Apenas salió a la calle y anduvo unos metros, se paró en medio de la acera y estalló, rota en sollozos. Temerosa de que ellos pudieran verla desde la ventana, se obligó a seguir andando, cegada por las lágrimas.

Sentía dentro de ella tanta frustración…

¿Cómo había podido creer, cómo había podido consentir ese trato, de principio a fin? Ahora, desde la crudeza de su soledad, con el cielo emborronado de nubes como único techo sobre su cabeza y los pies por fin en el suelo, le parecía que todo lo acontecido había sido una pesadilla. Le zumbaban las sienes y tuvo que sujetarse a algo—no veía claramente qué era, tal vez un árbol, o una farola—para no caer. Allí, en medio de la calle, con transeúntes yendo y viniendo del trabajo, o paseando con sus hijos o sus perros, su realidad de hacía un momento le resultaba tan ajena que daba la sensación de que nunca hubiera existido.

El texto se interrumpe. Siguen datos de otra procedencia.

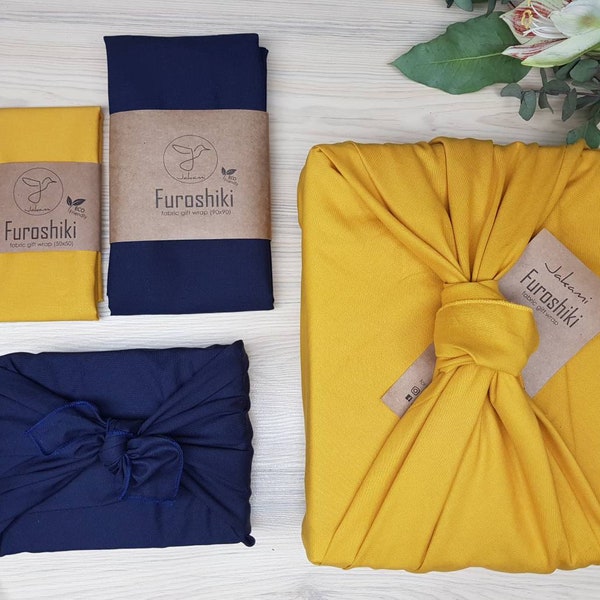 Furoshiki | Dunkelblau/Senf - Geschenkverpackung aus Stoff Made in Deutschland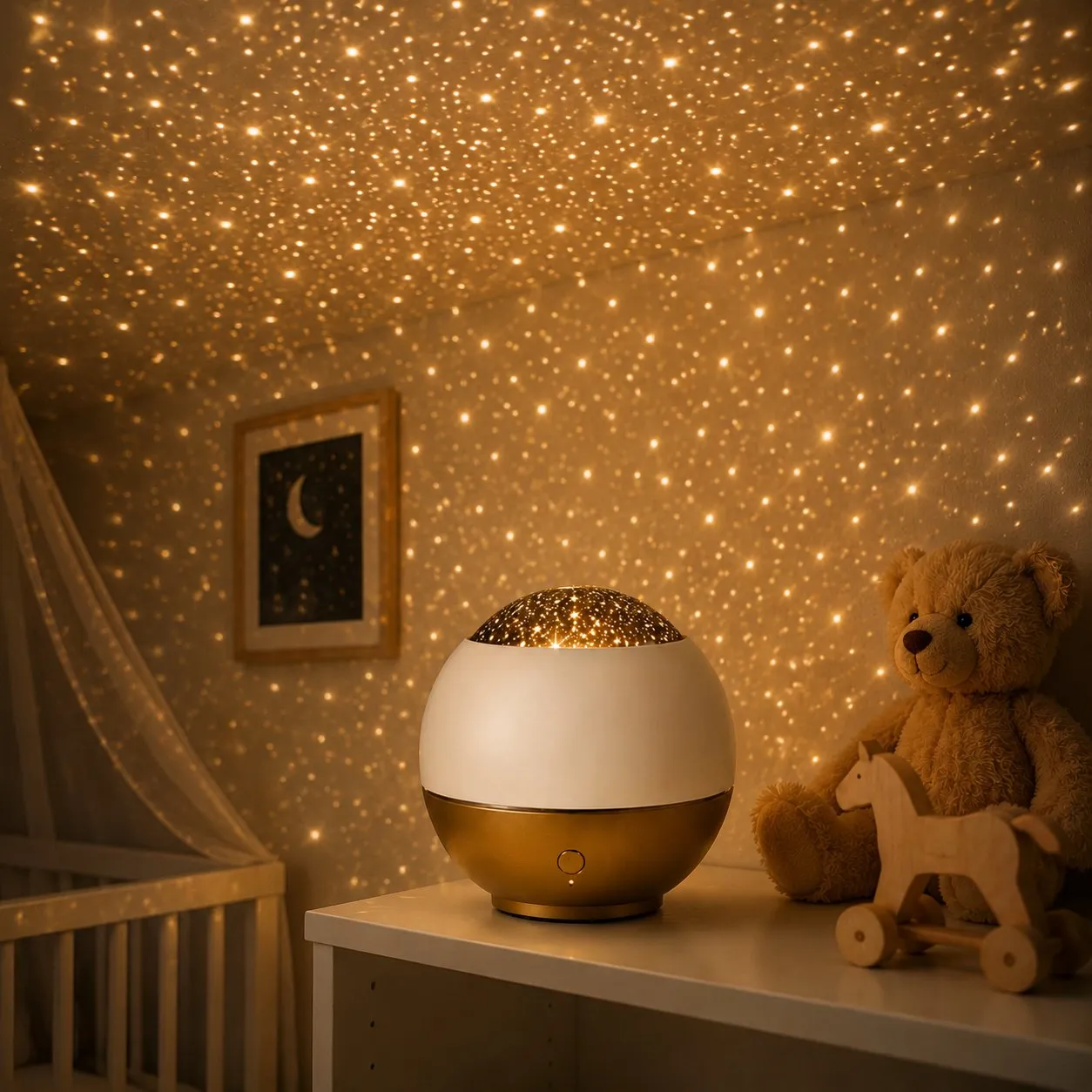 Two-tone white and brass star projector in a nursery casting crisp amber pinpoint stars on the ceiling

Pero las marcas que cruzaban su culo como huellas indelebles del reciente tormento, y el dolor que sentía con el sólo acto de caminar, atestiguaban lo contrario.

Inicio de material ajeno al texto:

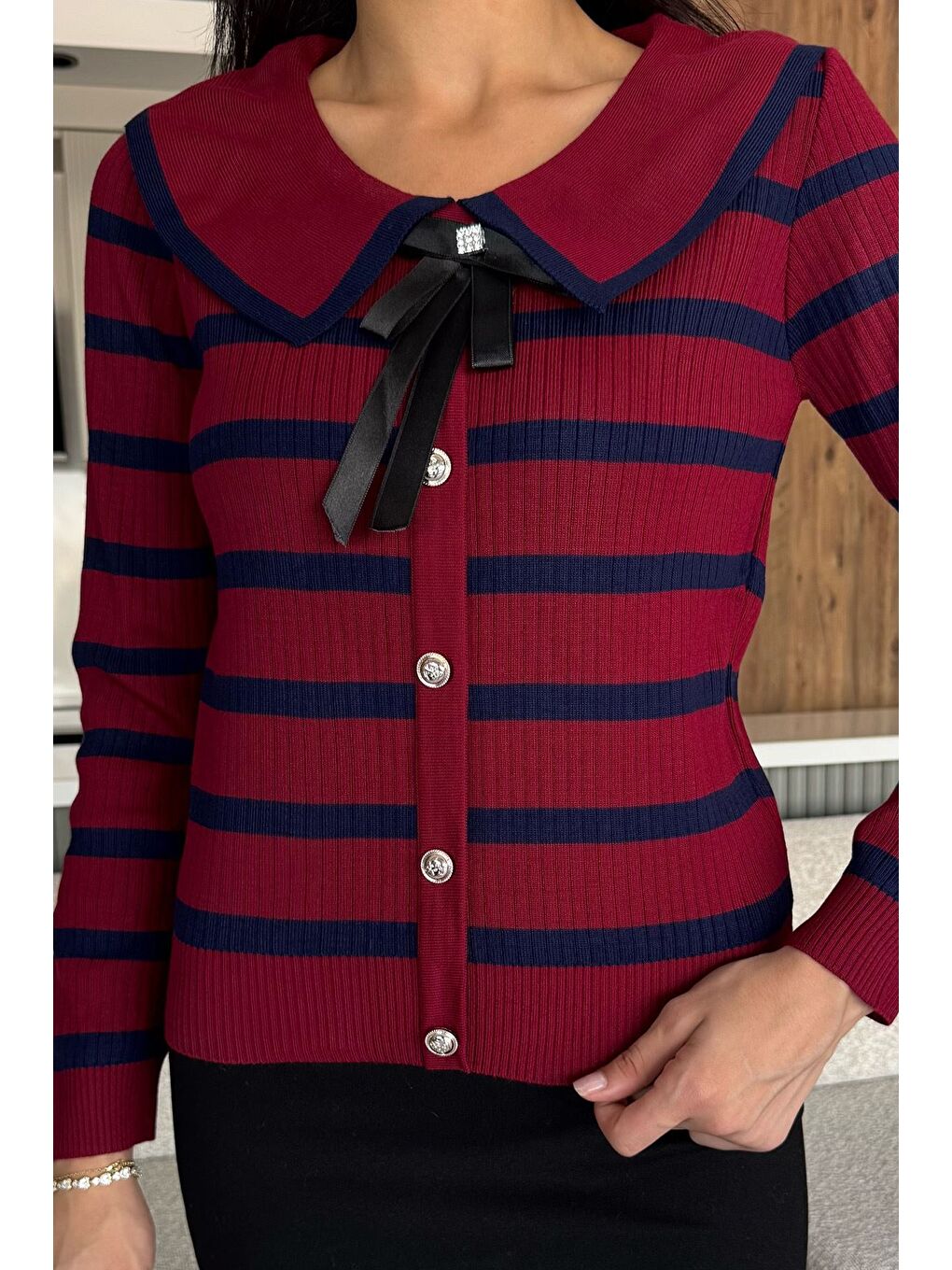 Bordo Fiyonklu Sahte Düğmeli Triko Bluz (s,m,l Uyumludur)-2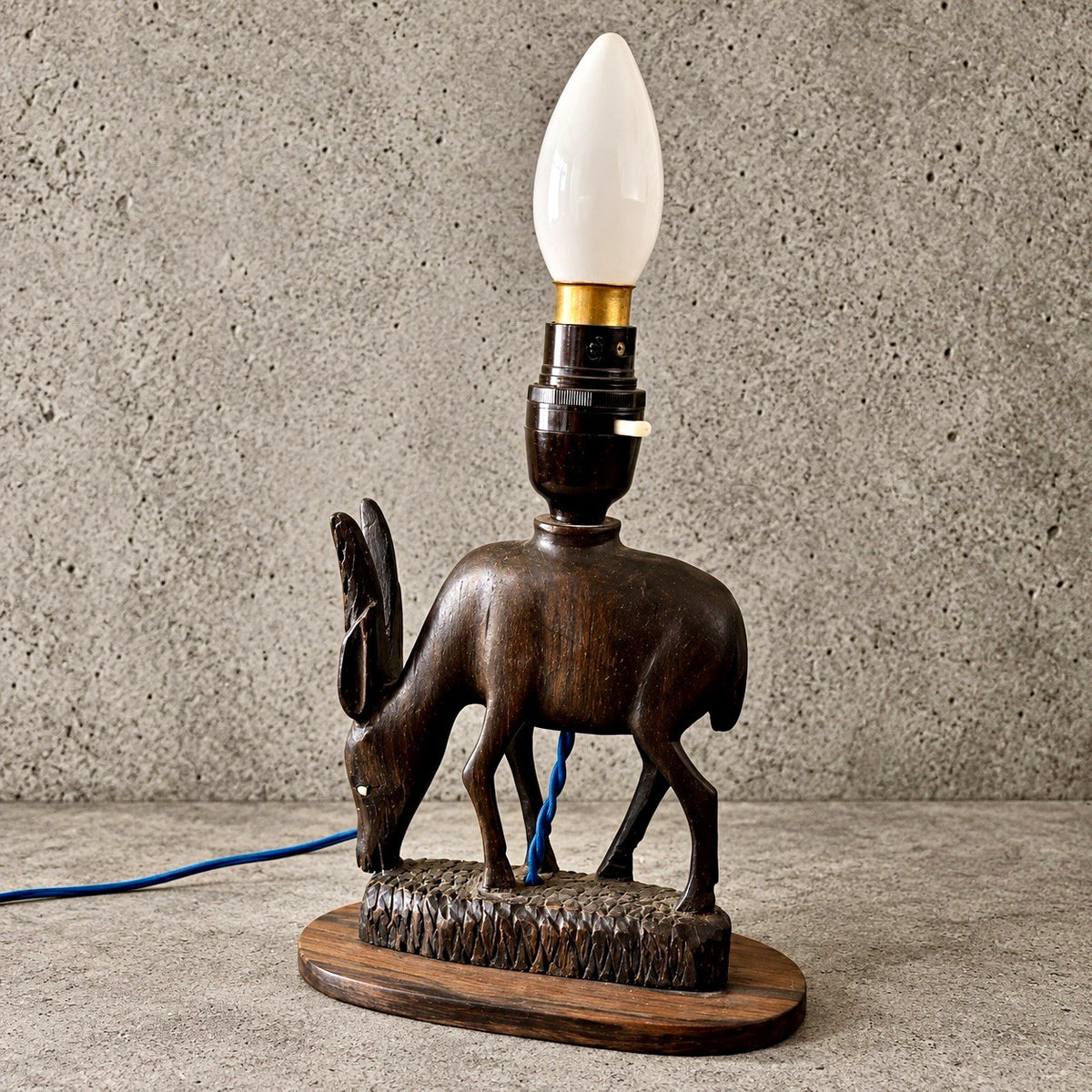 Vintage African Carved Rosewood Antelope Table Lamp – view 1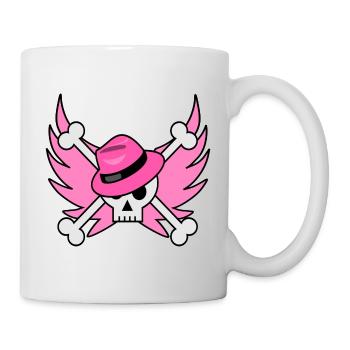 Flying skull with pink hat and pink wings - Mug - white - Right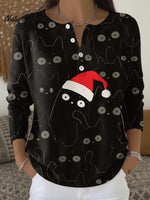 Women's Christmas Cat Pattern Casual Printed Sweater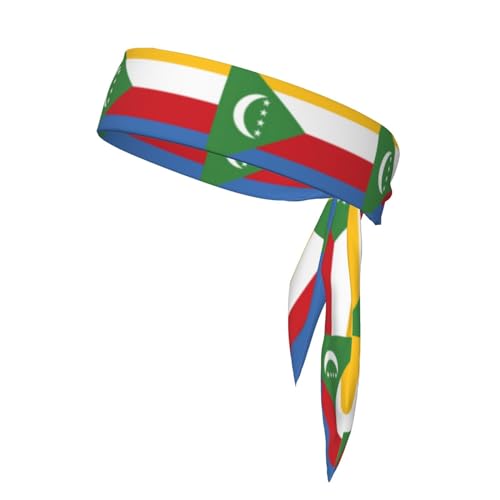 Stirnbänder mit Flagge der Komoren, Sport-Kopfband, Stirnband für Damen und Herren, Haarband für Laufen, Workout, Fußball von Trukd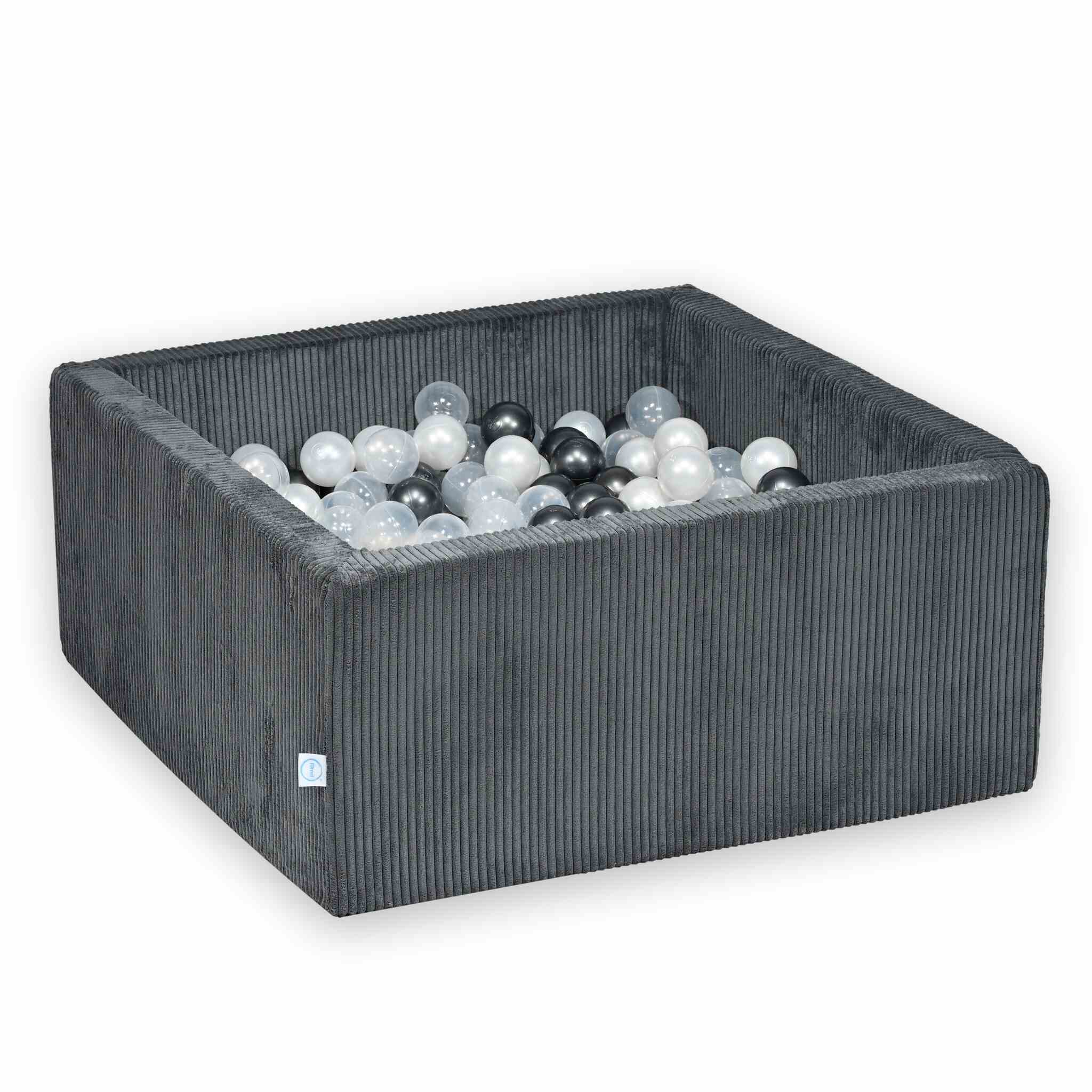 Quadratisches Bällebad aus graphitfarbenem Cord, 90x90x40cm – 400 Bälle (transparent, perlmuttfarben, metallisch-graphitfarben)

Se forzó a echar a andar de nuevo. Recorrió calles con el único propósito de poner distancia entre aquel mundo dantesco y ella misma. Era doloroso pensar que había sido una imbécil por consentir aquello, por ni tan siquiera pensar que una convivencia así podría funcionar… pero, a su pesar, también tenía grabado a fuego en su alma el inmenso placer que había sentido, aunque se resistía con todas sus fuerzas a aceptarlo.

El placer había sido sexual, desde luego, salvaje y desconocido. Un placer como nunca se había atrevido a sentir, una montaña rusa de depravación y sobresaltos nada más empezar, caliente, orgásmica, donde sus más negros sueños tenían cabida por fin. Un placer que en aquel momento le parecía que lo había vivido otra persona, otro ser: la perra viciosa.  Pero no sólo se trataba de eso.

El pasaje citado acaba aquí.